To remedy this situation, this benchmarker allows the user to specify the split scheme with the test_set_specs and num_cross_validation_folds options. Here's an example config:

test_size: 0.5
test_start_idx: 0.5
num_training_partitions: 10
num_training_sets: 5


  • The test set consists of classes with labels in [num_labels * start_idx, num_labels * (start_idx+size)]. Note that if we set start_idx to 0.9, the range would wrap around to the beginning (0.9 to 1, 0 to 0.4).
  • The remaining classes will be split into 10 equal sized partitions.
  • 5 of those partitions will be used for training. In other words, 5-fold cross validation will be performed, but the size of the partitions will be the same as if 10-fold cross validation was being performed.

When evaluating the cross-validated models, the best model from each fold will be loaded, and the results be averaged. Alternatively, you can set the config option meta_testing_method to ConcatenateEmbeddings. This will load the best model from each fold, but treat them as one model during evaluation on the test set, by concatenating their outputs.

If instead you still want to use the old 50/50 train/test split, then set special_split_scheme_name to old_approach. Otherwise, leave it as null.

Meta logs

When doing cross validation, a new set of meta records will be created. The meta records show the average of the best accuracies of your training runs. You can find these records on tensorboard and in the meta_logs folder.

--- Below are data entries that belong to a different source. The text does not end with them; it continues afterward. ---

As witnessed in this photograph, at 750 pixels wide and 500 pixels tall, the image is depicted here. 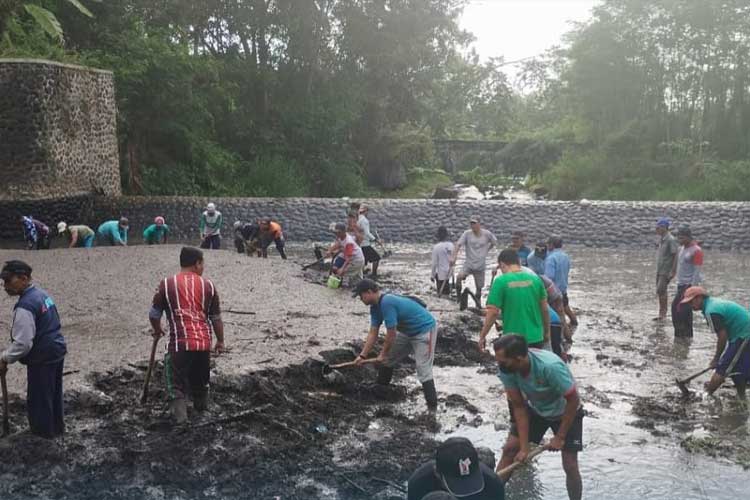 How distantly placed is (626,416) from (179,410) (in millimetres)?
4527

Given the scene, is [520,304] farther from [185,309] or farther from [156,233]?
[156,233]

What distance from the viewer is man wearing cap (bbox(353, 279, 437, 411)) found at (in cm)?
805

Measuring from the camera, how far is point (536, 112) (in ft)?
201

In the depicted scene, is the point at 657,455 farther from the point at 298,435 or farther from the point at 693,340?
the point at 693,340

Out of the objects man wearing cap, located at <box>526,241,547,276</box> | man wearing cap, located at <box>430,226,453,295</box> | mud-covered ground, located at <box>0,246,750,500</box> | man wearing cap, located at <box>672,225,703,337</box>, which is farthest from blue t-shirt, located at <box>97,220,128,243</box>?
man wearing cap, located at <box>672,225,703,337</box>

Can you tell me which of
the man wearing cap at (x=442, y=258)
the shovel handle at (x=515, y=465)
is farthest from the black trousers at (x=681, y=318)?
the shovel handle at (x=515, y=465)

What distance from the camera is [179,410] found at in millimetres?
7395

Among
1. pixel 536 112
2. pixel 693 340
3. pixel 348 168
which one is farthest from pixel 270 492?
pixel 536 112

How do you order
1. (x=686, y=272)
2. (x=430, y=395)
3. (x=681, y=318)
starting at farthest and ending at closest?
(x=686, y=272) → (x=681, y=318) → (x=430, y=395)

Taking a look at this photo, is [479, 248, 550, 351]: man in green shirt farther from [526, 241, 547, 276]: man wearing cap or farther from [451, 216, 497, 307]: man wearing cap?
[451, 216, 497, 307]: man wearing cap

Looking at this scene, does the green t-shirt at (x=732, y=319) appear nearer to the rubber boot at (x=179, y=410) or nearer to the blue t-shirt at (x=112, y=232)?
the rubber boot at (x=179, y=410)

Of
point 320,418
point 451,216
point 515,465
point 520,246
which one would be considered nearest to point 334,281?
point 520,246

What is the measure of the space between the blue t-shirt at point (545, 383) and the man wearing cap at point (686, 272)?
649 cm

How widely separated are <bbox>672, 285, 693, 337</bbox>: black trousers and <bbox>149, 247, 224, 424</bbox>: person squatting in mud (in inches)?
274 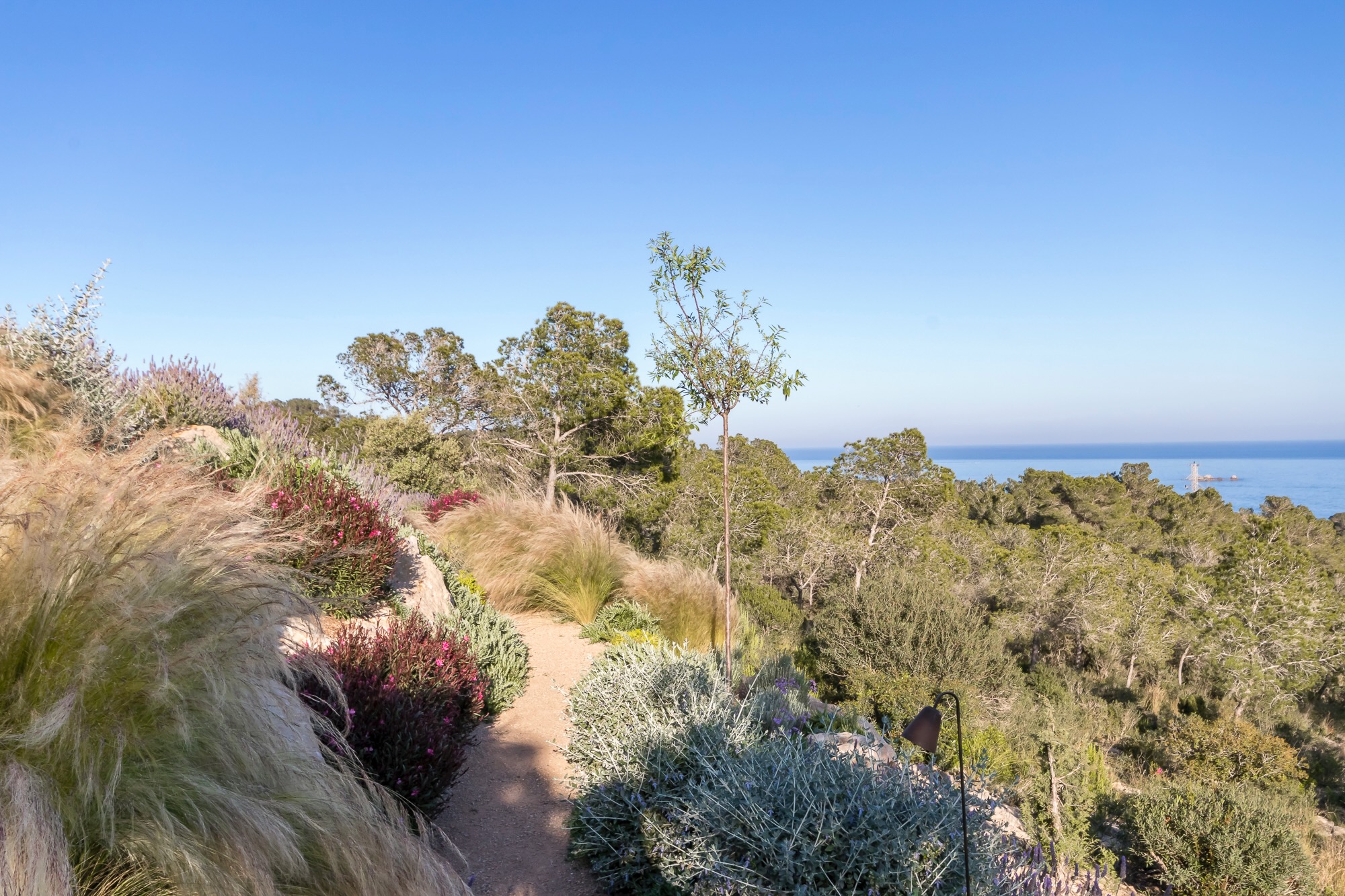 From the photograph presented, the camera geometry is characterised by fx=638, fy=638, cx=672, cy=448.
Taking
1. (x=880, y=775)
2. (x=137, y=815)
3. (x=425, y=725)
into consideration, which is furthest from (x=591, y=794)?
(x=137, y=815)

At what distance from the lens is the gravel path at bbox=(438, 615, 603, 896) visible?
3.35 meters

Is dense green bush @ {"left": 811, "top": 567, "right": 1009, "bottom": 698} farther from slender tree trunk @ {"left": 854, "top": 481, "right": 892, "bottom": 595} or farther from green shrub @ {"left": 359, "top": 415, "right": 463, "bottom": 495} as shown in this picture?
green shrub @ {"left": 359, "top": 415, "right": 463, "bottom": 495}

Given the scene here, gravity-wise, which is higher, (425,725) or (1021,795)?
(425,725)

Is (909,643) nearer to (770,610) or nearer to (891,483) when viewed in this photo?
(770,610)

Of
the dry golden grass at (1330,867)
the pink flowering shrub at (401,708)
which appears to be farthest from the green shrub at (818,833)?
the dry golden grass at (1330,867)

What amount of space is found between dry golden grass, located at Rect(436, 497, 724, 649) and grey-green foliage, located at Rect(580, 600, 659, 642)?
0.20 meters

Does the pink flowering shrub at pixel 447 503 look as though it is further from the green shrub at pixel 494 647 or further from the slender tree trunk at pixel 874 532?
the slender tree trunk at pixel 874 532

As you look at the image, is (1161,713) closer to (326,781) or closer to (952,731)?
(952,731)

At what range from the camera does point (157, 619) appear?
6.75 feet

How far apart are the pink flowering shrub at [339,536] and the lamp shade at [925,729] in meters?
3.62

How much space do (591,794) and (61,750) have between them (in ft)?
8.08

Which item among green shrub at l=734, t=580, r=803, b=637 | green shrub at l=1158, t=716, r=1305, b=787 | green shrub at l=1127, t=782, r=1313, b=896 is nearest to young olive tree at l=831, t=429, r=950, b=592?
green shrub at l=734, t=580, r=803, b=637

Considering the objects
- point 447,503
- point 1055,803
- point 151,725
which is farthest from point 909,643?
point 151,725

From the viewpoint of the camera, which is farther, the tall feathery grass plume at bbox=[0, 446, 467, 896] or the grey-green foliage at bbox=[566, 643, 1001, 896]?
the grey-green foliage at bbox=[566, 643, 1001, 896] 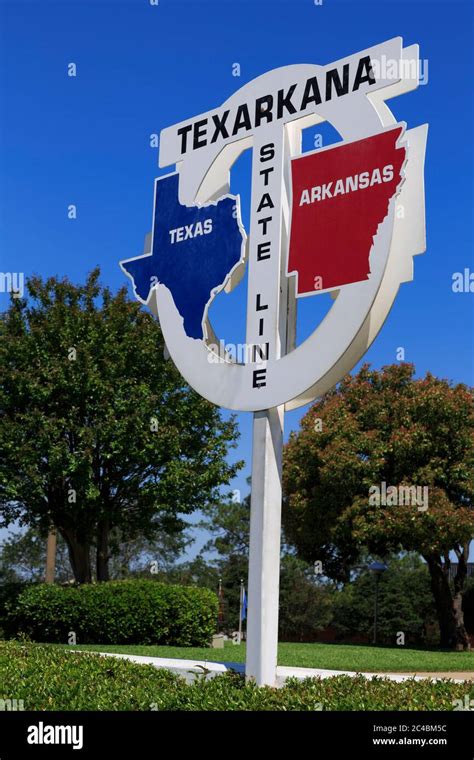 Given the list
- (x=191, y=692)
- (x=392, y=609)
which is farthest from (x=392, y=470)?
(x=191, y=692)

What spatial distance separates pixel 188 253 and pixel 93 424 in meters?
11.5

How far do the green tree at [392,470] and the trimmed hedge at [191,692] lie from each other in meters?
14.2

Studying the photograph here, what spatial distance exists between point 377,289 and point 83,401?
13437mm

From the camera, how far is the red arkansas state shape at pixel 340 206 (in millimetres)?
8062

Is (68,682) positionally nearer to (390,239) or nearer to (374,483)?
(390,239)

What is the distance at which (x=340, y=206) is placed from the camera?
838cm

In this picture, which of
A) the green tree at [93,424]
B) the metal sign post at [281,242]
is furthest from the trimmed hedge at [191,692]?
the green tree at [93,424]

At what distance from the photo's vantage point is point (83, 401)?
20.4 metres

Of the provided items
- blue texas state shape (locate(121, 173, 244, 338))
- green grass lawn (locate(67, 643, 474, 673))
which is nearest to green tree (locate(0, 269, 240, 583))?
green grass lawn (locate(67, 643, 474, 673))

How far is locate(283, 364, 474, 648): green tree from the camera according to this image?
21500 mm

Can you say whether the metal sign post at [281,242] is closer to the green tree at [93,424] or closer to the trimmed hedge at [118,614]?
the trimmed hedge at [118,614]

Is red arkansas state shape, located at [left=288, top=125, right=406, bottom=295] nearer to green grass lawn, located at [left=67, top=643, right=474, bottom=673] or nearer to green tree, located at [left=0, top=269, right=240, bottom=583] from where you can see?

Bayesian optimization to tune hyperparameters

This requires the Ax package, which can be intalled using pip

You can use bayesian optimization via the script. In your config files or at the command line, append ~BAYESIAN~ to any parameter that you want to tune, followed by a lower and upper bound in square brackets. If your parameter operates on a log scale (for example, learning rates), then append ~LOG_BAYESIAN~. You must also specify the number of iterations with the --bayesian_optimization_n_iter command line flag.

Here is an example script which uses bayesian optimization to tune 3 hyperparameters for the multi similarity loss, and 1 hyperparameter for the multi similarity miner.

python --bayesian_optimization_n_iter 50 \
--loss_funcs~OVERRIDE~ {metric_loss: {MultiSimilarityLoss: {alpha~BAYESIAN~: [0.01, 50], beta~BAYESIAN~: [0.01, 50], base~BAYESIAN~: [0, 1]}}} \
--mining_funcs~OVERRIDE~ {post_gradient_miner: {MultiSimilarityMiner: {epsilon~BAYESIAN~: [0, 1]}}} \
--experiment_name cub200_test5050_multi_similarity_with_ms_miner \
--root_experiment_folder /home/tkm45/experiments/cub200_test5050_multi_similarity_with_ms_miner

Note that you may want to set root_experiment_folder differently from usual, because every step in bayesian optimization will create a new experiment folder with the following format:

<root_experiment_folder> / <experiment_name><iteration>

The bayesian optimizer will also save logs in root_experiment_folder.

If you stop and want to resume bayesian optimization, simply use with the same root_experiment_folder and experiment_name you were using before. (Do not use the resume_training flag.)

Config options guide

Below is the format for the various config files. Click on the links to see the default yaml file for each category.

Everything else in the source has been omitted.